Considering Life Insurance: Freedom Life Insurance Answers The Most Common Questions


Life insurance is a type of insurance that covers your finances after your premature death. It is usually contract based on you-the insurer and the insurance company. The named beneficiaries are the ones that receive the proceeds upon your death

We may need to explain some of the industry lingo, which Freedom Life Insurance breaks down.  For example, policy- this is the amount of money that is in the contract agreement that you will be paying the specified amount of duration of your contract. The other one is the death benefit. The benefit is the total amount of money your beneficiary will receive upon your death.

There are two different main types of Freedom Life Insurance: the temporary and the permanent life insurance.

Temporary-This is also called the term insurance. This is because the contract has an expiry date. If you pass on after the term has expired, you don’t receive the death benefit. It is usually at an affordable cost.
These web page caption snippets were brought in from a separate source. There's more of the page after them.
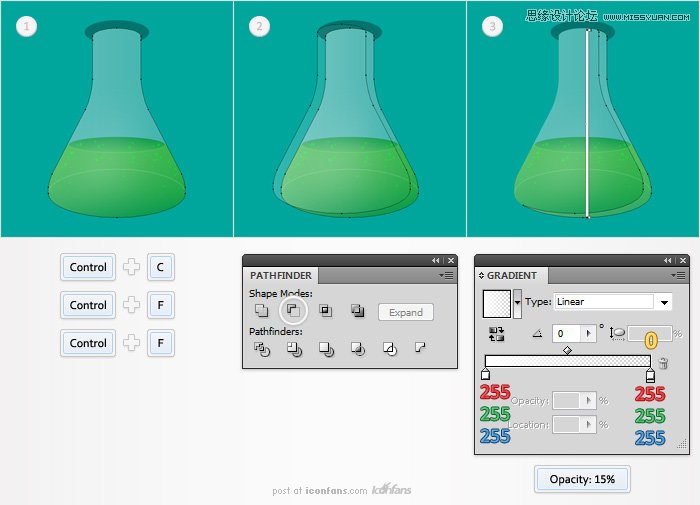 Illustrator͸Чƿͼ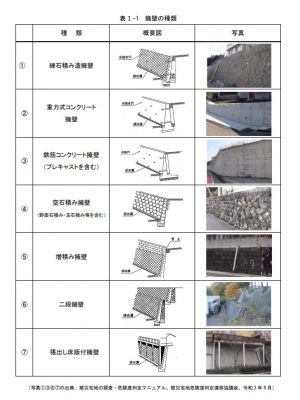 マニュアル内で紹介されている7種類の擁壁。そのうち、④以降は不適格なものだが、街中でよく見かけはしないだろうか<br>出典：国土交通省 宅地擁壁の健全度判定・予防保全対策マニュアル<br>
https://www.mlit.go.jp/toshi/content/001474700.pdf
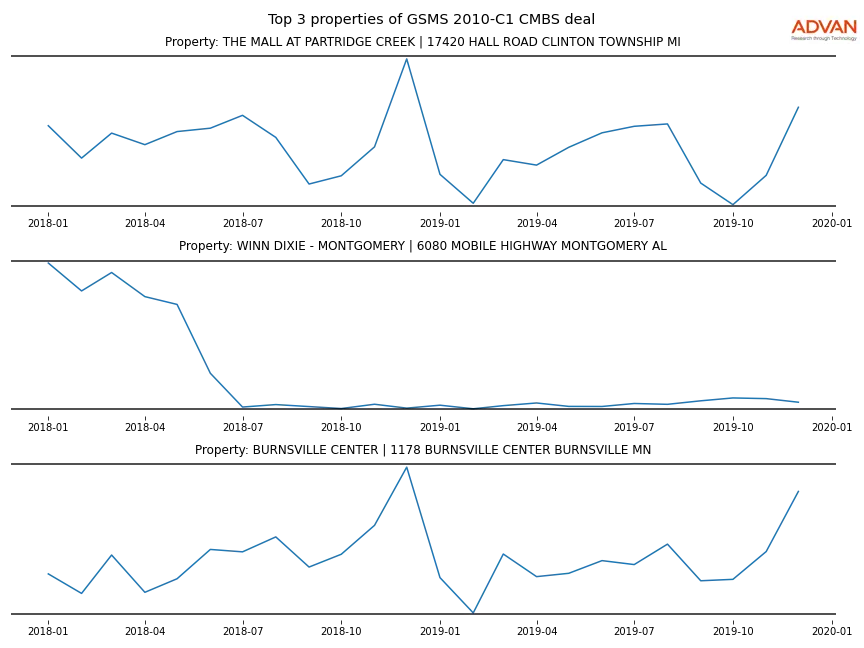 cmbs traffic
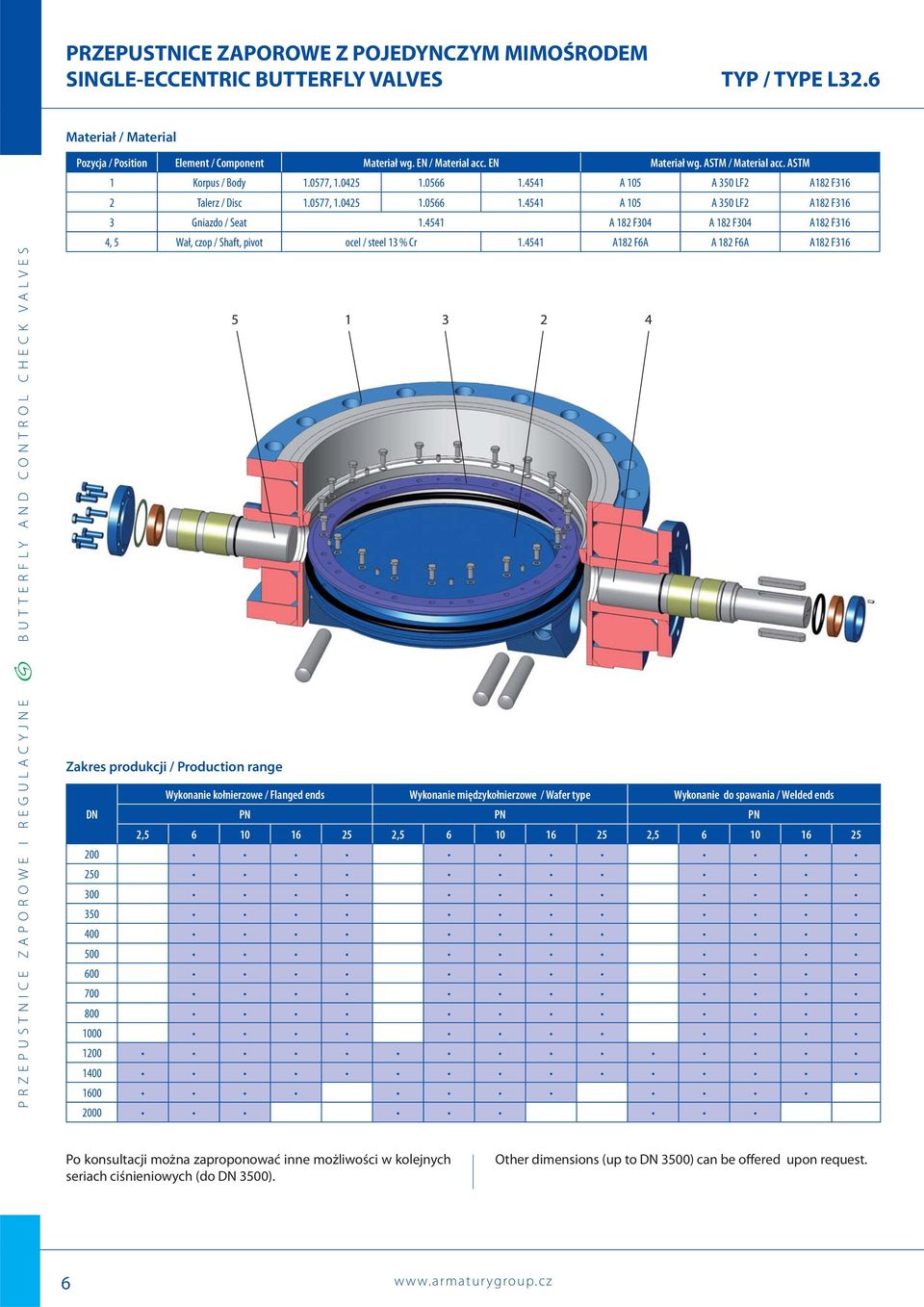 4541 A 182 F304 A 182 F304 A182 F316 4, 5 Wał, czop / Shaft, pivot ocel / steel 13 % Cr 1.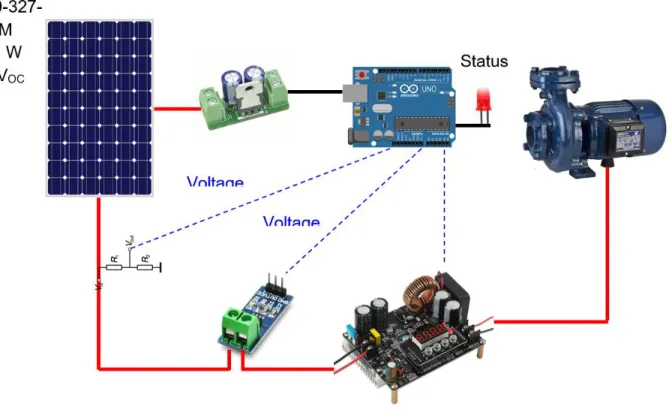 Figure 4-1: Design Block Diagram 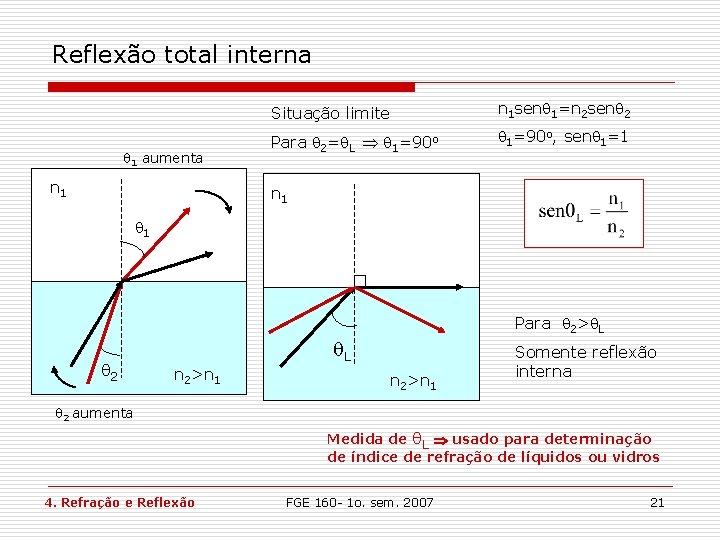 Reflexão total interna 1 aumenta n 1 Situação limite n 1 sen 1=n 2 Reflexão total interna 1 aumenta n 1 Situação limite n 1 sen 1=n 2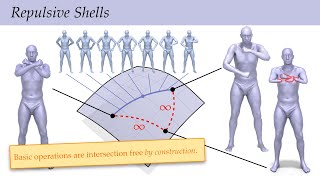 Repulsive Shells - Conference Presentation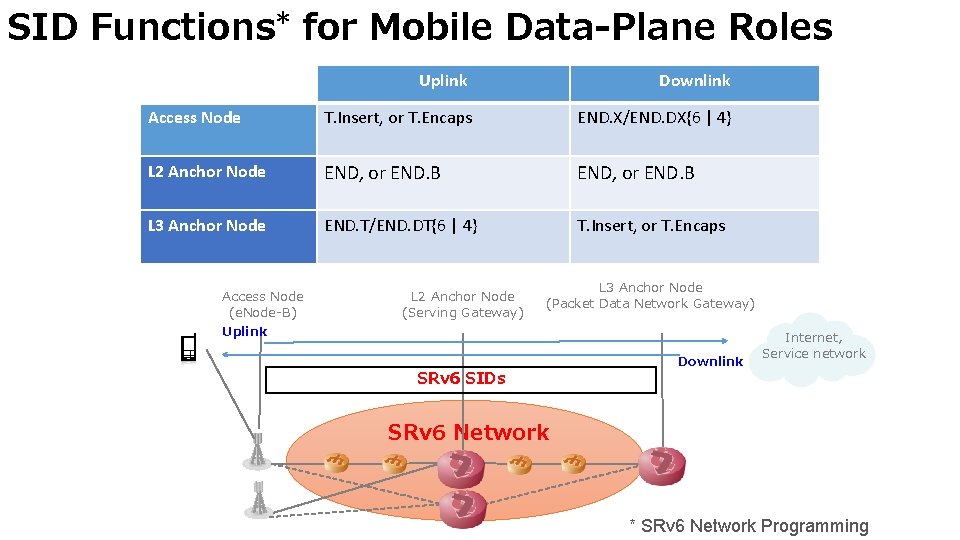 SID Functions* for Mobile Data-Plane Roles Uplink Downlink Access Node T. Insert, or T.
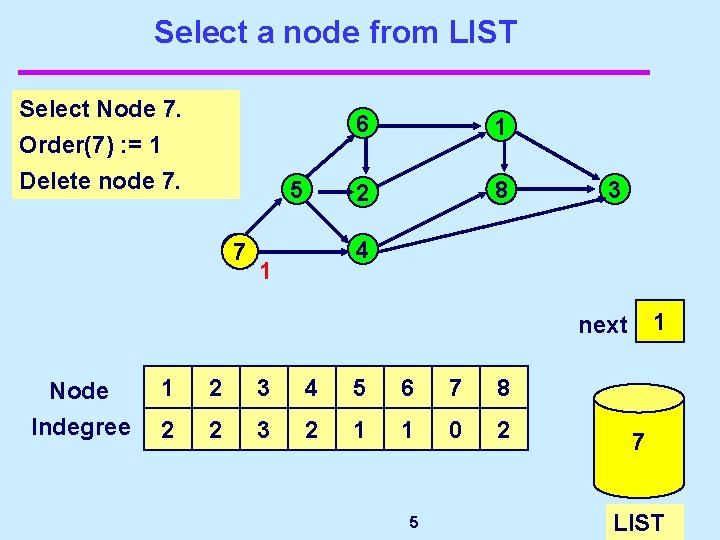 Select a node from LIST Select Node 7. Order(7) : = 1 Delete node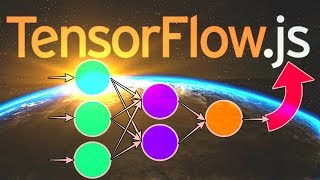 TensorFlowjs  Running MobileNet in the browser [upl. by Luapsemaj]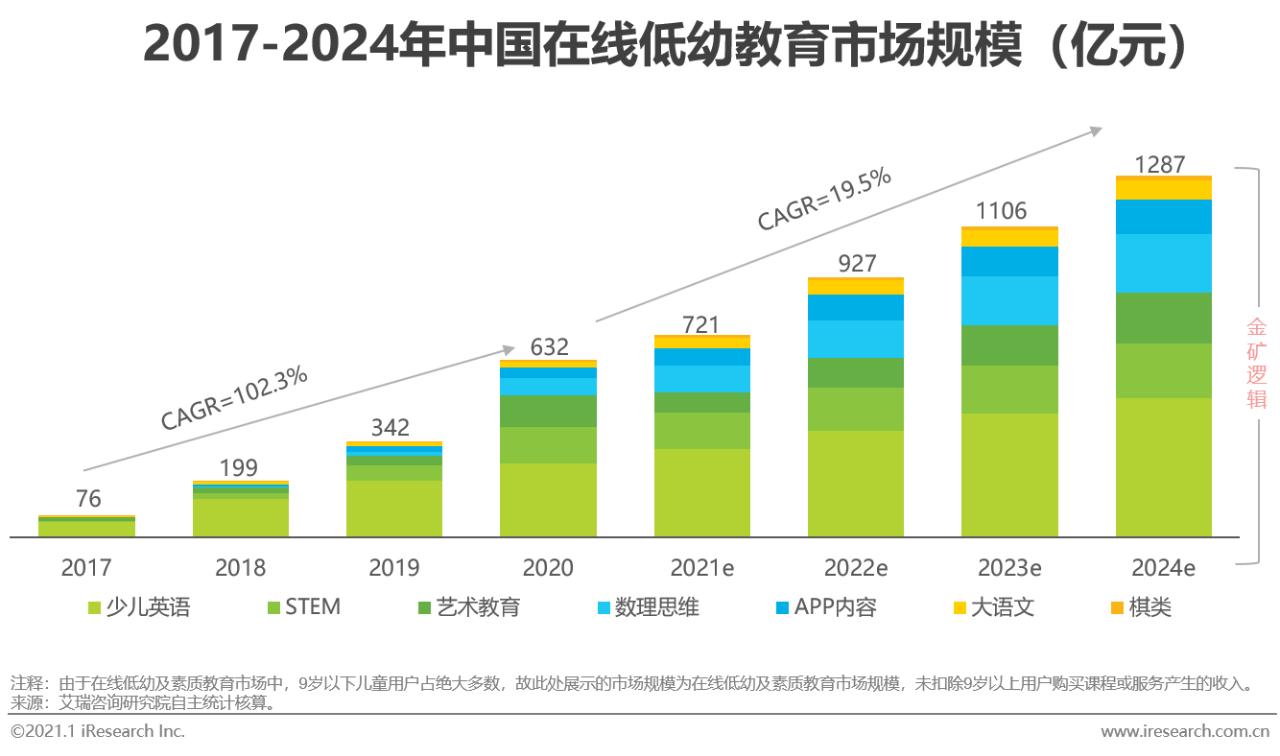 在线教育行业最新报告,2020年中国在线教育行业图谱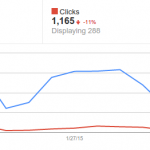 Google Webmaster tools queries data stopped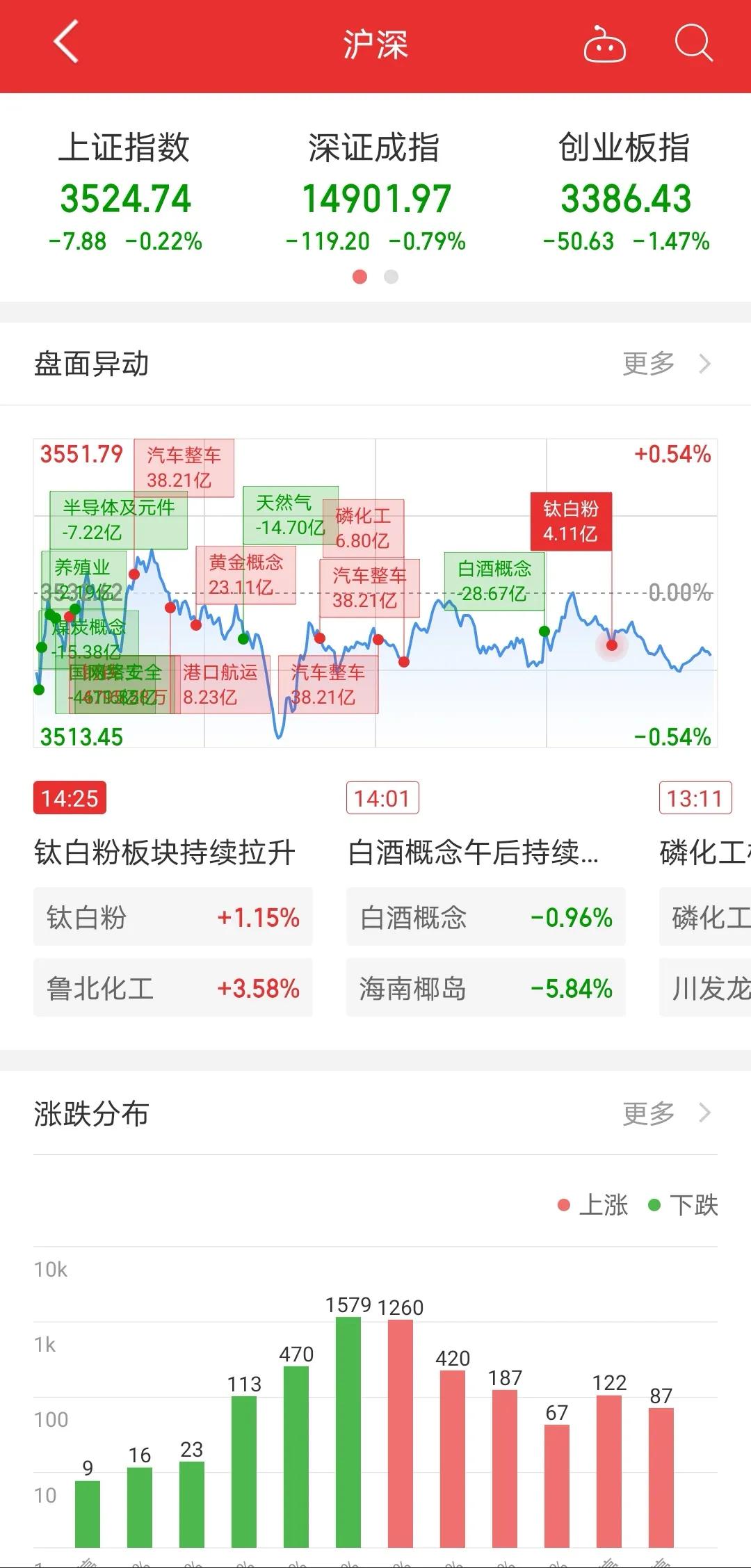11月22日大盘收评,8.26股市收评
Under this, there are two types of insurance.

Level term insurance- here you will pay the same premium rate each year. If death occurs in between the term, your beneficiaries receive the death benefit, if death occurs after the term, they receive nothing. If the term is up and you are still alive, you stop paying the premium, and you no longer have a coverage unless you renew the contract.

Convertible life insurance- as the name suggests, the convertible term insurance, can be converted into whole policy without one going back for medical examination. It is usually up to a specific age of say 65-70 years.

Permanent-This has no expiry date on the contract hence the name permanent. This one is set to receive the death benefit after death occurs. This insurance is at a higher price than the term insurance. What happens in permanent coverage that makes it more expensive is the cash value. For the first few years of your policy, the premiums that you pay becomes the cash value.

One can get a loan for the variety of reasons, say paying for a child’s school fees or other emergencies that may occur. If you die before paying the mortgage, the money will be removed from the death benefit your beneficiary is set to receive upon your death. If you do not take any loan, it is not a guarantee that the cash accumulated will be added to the benefit. Most of the times it goes to pay commission to the insurance company.

There are two main types of permanent insurance policy.

1. Whole life insurance policy- the premium is locked in this kind of plan. It proves very helpful for those on a strict budget. If you buy this type of permanent policy at a young age, the premium will remain the same as you grow older. Your contract will not be affected by either age or your health.

2. Universal life insurance policy- this is more flexible than the whole life because the insurer can choose the amount of money that goes to the death benefit and that which goes to the cash value.

See some examples on Health Depot Association‘s Freedom Life Insurance page.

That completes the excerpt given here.